PROBLEM DETAILS => Within the material below, transcribe exactly the lines from the one holding "Obagi Hydrate Luxe" through the one holding "Twenty-Third image of", keeping both ends and skipping the rest.

DATA PROVIDED =>
※
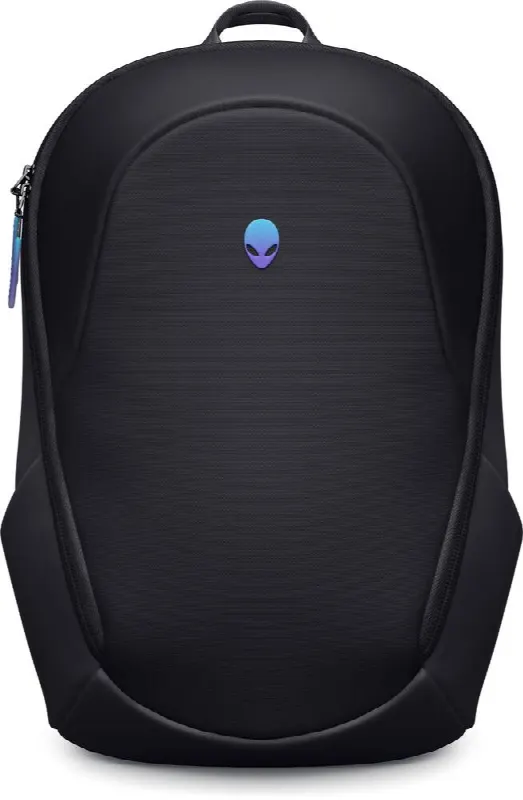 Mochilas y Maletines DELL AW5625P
※
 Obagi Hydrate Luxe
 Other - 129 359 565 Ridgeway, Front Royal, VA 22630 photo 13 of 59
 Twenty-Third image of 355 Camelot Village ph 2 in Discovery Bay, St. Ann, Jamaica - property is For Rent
※
SOLUTION =>
 Obagi Hydrate Luxe
 Other - 129 359 565 Ridgeway, Front Royal, VA 22630 photo 13 of 59
 Twenty-Third image of 355 Camelot Village ph 2 in Discovery Bay, St. Ann, Jamaica - property is For Rent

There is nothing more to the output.